Population estimates for 29 cities showed an increase, and 17 cities didn't change. But that means 44 cities lost numbers, an ongoing problem for rural areas of Kansas and especially northwest and western Kansas.

McCracken, Bison and Lebanon each had losses since 2010 in excess of 5 percent, while at the other end of the spectrum only two cities had gains of 5 percent or more, and both of them were in Wallace County.

The county's namesake of Wallace had the greatest gains, percentage-wise, but the jump only meant the addition of four people to the community, now numbering 61 residents.

Quinter had a 4.5-percent gain, much to Nicholson's delight.

Hays recorded a 2.5-percent gain and remains a community of more than 21,000 residents.
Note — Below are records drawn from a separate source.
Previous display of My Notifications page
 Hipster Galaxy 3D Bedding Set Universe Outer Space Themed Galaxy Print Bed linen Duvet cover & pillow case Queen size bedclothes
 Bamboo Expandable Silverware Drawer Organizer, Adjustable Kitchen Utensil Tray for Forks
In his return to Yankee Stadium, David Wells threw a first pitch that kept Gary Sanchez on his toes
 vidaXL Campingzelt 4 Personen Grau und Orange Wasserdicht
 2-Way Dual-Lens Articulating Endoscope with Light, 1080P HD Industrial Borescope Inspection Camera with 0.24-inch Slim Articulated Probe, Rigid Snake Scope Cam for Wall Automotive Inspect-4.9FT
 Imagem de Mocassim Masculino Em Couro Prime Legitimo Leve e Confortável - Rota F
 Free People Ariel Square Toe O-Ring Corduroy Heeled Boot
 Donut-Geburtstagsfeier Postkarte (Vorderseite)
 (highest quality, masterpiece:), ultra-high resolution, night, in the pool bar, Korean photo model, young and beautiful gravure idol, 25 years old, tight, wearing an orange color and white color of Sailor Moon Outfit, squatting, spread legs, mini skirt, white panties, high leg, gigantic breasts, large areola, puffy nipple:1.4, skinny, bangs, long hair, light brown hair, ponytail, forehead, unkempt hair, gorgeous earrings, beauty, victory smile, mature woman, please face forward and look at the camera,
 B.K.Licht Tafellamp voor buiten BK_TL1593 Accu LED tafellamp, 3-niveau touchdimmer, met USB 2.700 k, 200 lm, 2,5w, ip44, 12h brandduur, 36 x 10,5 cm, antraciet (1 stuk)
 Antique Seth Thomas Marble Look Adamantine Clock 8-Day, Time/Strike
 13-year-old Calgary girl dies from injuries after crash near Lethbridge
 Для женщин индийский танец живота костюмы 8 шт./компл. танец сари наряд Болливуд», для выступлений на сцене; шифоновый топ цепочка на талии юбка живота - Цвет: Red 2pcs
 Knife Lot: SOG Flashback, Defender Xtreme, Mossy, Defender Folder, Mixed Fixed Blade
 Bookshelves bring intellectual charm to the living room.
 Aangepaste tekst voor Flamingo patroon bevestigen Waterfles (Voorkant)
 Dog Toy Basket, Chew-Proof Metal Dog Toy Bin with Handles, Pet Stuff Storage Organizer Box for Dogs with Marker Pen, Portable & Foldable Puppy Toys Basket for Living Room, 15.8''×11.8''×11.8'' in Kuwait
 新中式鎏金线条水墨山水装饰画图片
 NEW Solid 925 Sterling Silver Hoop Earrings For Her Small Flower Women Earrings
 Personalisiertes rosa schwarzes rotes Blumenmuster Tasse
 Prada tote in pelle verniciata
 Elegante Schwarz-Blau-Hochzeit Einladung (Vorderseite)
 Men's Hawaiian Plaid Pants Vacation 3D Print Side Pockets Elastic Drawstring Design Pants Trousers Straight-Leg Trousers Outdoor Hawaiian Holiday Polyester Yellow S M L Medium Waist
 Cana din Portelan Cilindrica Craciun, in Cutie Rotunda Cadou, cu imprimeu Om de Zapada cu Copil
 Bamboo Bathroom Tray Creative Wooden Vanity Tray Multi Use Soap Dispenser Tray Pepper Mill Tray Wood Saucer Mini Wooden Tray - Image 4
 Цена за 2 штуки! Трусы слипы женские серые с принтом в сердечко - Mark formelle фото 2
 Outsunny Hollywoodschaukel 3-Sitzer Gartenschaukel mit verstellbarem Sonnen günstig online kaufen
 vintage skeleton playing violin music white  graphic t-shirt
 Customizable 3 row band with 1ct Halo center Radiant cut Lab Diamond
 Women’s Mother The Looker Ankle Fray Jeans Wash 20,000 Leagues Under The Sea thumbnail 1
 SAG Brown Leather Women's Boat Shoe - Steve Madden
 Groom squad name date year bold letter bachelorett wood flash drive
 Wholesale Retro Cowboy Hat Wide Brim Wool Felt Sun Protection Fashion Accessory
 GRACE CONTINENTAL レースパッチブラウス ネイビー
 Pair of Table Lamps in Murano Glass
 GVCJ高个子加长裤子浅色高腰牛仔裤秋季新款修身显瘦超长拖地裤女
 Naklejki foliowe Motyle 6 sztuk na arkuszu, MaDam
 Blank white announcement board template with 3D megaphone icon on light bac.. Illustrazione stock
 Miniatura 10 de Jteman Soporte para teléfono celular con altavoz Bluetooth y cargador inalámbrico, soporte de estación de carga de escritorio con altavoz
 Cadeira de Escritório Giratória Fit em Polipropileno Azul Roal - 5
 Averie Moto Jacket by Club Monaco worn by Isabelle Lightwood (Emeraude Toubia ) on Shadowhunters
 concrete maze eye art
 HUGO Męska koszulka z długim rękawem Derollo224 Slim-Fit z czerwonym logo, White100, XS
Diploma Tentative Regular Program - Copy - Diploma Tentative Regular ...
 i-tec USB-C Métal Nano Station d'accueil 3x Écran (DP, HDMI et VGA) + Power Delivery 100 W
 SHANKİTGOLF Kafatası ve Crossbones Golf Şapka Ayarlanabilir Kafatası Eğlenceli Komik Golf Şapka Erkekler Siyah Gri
Ellis also increased by 1.5 percent.

In Gove County, Nicholson said it's no longer a battle between communities, noting county commissioners just this year are fully funding an economic development office.

Plus, she said, there's been strong growth in Quinter businesses, pointing to Gove County Medical Center, DC Welding, Formation Plastics and Swift Bullet Co., a 2013 finalist for exporter of the year and a nominee again this year.

"It's the people out here," Nicholson said of the strength behind Quinter's growth.

Nicholson also points to the state's ROZ -- Rural Opportunity Zone -- program as helping boost population growth.

Nicholson is acutely aware of its benefits, as her husband, Steve, a science teacher at Quinter High School, used the program when they moved from Nebraska.

It means an extra $1,100 a year for him.

"It isn't a lot," she said of the tax benefits from participating in the program. "But it's something."

Currently, four people are taking advantage of the program in Gove County, with six more on the waiting list.

Nicholson, who moved to Quinter from Hays, also heralds a housing grant received by the city.

Bainter Construction of Hoxie will be using some of that to build 16 apartments and four duplexes in Quinter, she said.

"We're hoping it causes a ripple effect of housing," Nicholson said, lamenting the last "stick-built" home in Quinter was in 2002 -- a home built to replace one lost in a fire.